How is the rest of the novel? Very good. Ryan is a more sympathetic hero than in the previous 1970’s crime novels. Stick and Harry Mitchell aren’t bad guys, but they aren’t terribly sympathetic, either. They’re made good by the characters they associate themselves with. Ryan is flawed, but he looks really good compared to the cast he surrounds himself with. None is worse than Raymond Gidre, a racist sociopath with a few memorable scenes where his penchant for murder hits home. Even the guy Ryan is looking for at the start of the book, Robert Leary, has a few murders on his sheet.

The story doesn’t always hit dead center, but the pace is very strong and it was clear, even then, that Elmore Leonard was going to be something special in the crime genre. He had the dialogue skills of George V. Higgins and a lot more skill at prose. If you need proof, just read that opening chapter and find yourself being sucked into a world that seems long and forgotten.

Fun fact: Jack Ryan is mentioned by name in the previous Elmore Leonard novel, Swag, by Sportree, the main antagonist of that novel. I suppose that name-check is what inspired Leonard, though it is also possible he might have been working on both at the same time.

Sunday, February 5, 2012

The top 10 Elmore Leonard books overview

It is impossible to overstate the influence Elmore Leonard has had on me and many other crime novelists in this game. He's been writing for sixty years, starting in Westerns, and then moving on to the crime genre in the late sixties when the Western genre pretty much keeled over and died in fiction. His dialogue and prose are virtually unmatched. Authors like Hemingway, James M. Cain, Raymond Chandler, Richard Bissell and George V. Higgins, in particular, helped shape his voice, but he has proven over the years that he is not an imitator. He follows his own path and the authors who have followed in his footsteps now they are looking up at him. Authors like George Pelecanos, Dennis Lehane, Richard Price, Michael Connelly, and James Ellroy have all been influenced in some way by his work and have made their own names with their work, but to a degree their paths wouldn't be possible without Leonard's.

I started looking for a list of the best Elmore's, but I had a hard time finding one. There are a number of camps for what they believe to be his best era and they are quite passionate in their own way. Some prefer the gritty 70's stories in Detroit, some prefer his Miami era during the early 1980's, some like his more humorous side in the 1990's, and there are even a few, I bet, that like his diverse setting pattern in the 2000's to the present. You even have a few die-hards who love his Westerns best. He has definitely done good work in all the eras, so starting tomorrow I'll be counting down 10-1 his best novels, one a week, and the final one will coincide with the season 3 finale of Justified.
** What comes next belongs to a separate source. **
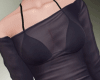Navy Sheer Top
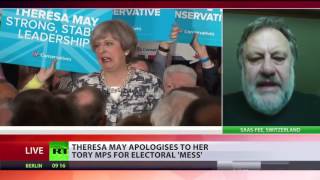 Slavoj Žižek on the UK General Election outcome A True EthicoPolitical Miracle June 2017 [upl. by Ipoillak]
What's the criteria? Nothing major. Great writing, great characters, and elements that make me want to read it again. I don't expect this to be the definitive list, but if nothing else it'll be a fun rip through some of the best novels written by the greatest crime novelist ever. I'll throw in some critical analysis and favorite scenes and favorite character and what have you.

So get ready for some fun. I know I'll be.